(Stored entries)
══════════════════════════════
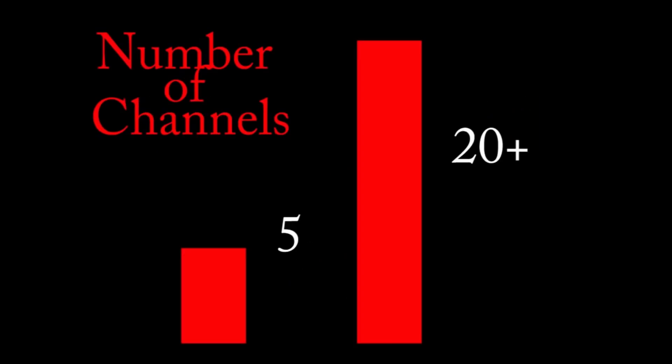Digital over the air, or OTA, is more expansive than analog ever was. Analog only allowed for one channel per broadcaster, but digital allows for multiple sub-channels. Now instead of just channel 3, there is 3.1, 3.2, 3.3, and so on. Where there used to be only five channels available in the city, now there are 20 or more without adding more broadcasters.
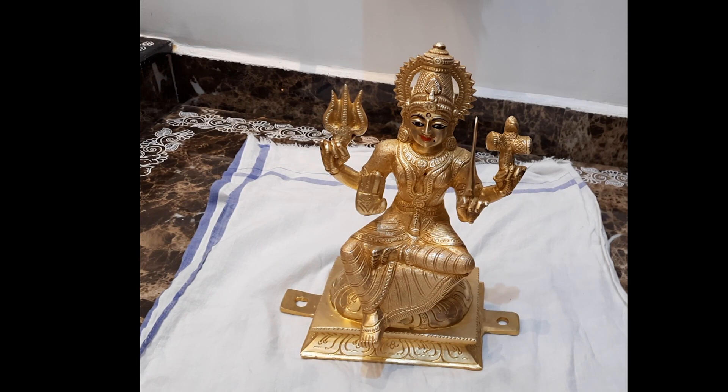This is how I clean my brass idols and maintain them. I do this every week or at least once in 15 days to ensure the idols are very clean. Durga has to be cleaned every week because this is the idol that was worshipped at the temple. The rest of the idols I clean either once a week or once in 15 days. If you liked today's video, please click the like button and subscribe to my channel. Thank you.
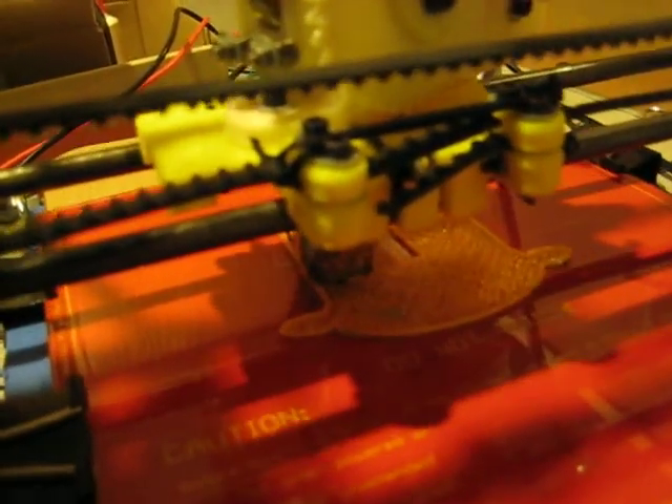You can sort of make out what's going on, but the gantry and the extruder head cast quite a lot of shadows and it can be difficult to actually see the quality of the print.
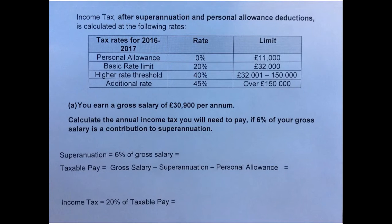Firstly, our superannuation is 6% of our gross salary. So that's 6 over 100, or 0.06, times £30,900. So that equals £1,854.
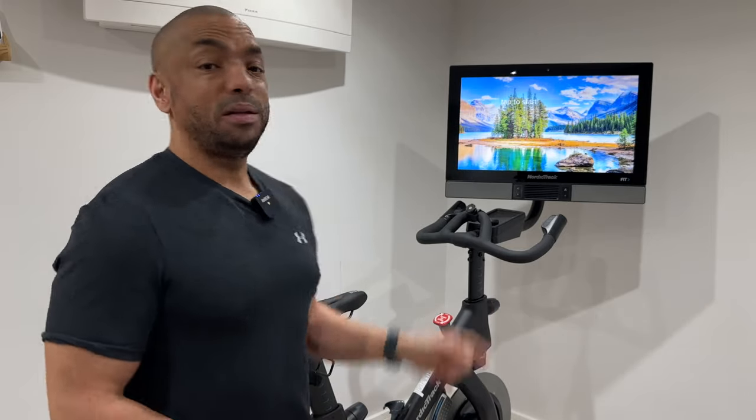After nearly a year with the mighty NordicTrack S27i, here are my top 10 tips for using this bike. And even if you're an experienced rider, I think you'll find some things in this video that you really didn't know. Let's get cracking.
══════════════════════════════
### Your instructions
Word for word, restate all of the entries above and leave each picture out.

### Solution below
Digital over the air, or OTA, is more expansive than analog ever was. Analog only allowed for one channel per broadcaster, but digital allows for multiple sub-channels. Now instead of just channel 3, there is 3.1, 3.2, 3.3, and so on. Where there used to be only five channels available in the city, now there are 20 or more without adding more broadcasters.
This is how I clean my brass idols and maintain them. I do this every week or at least once in 15 days to ensure the idols are very clean. Durga has to be cleaned every week because this is the idol that was worshipped at the temple. The rest of the idols I clean either once a week or once in 15 days. If you liked today's video, please click the like button and subscribe to my channel. Thank you.
You can sort of make out what's going on, but the gantry and the extruder head cast quite a lot of shadows and it can be difficult to actually see the quality of the print.
Firstly, our superannuation is 6% of our gross salary. So that's 6 over 100, or 0.06, times £30,900. So that equals £1,854.
After nearly a year with the mighty NordicTrack S27i, here are my top 10 tips for using this bike. And even if you're an experienced rider, I think you'll find some things in this video that you really didn't know. Let's get cracking.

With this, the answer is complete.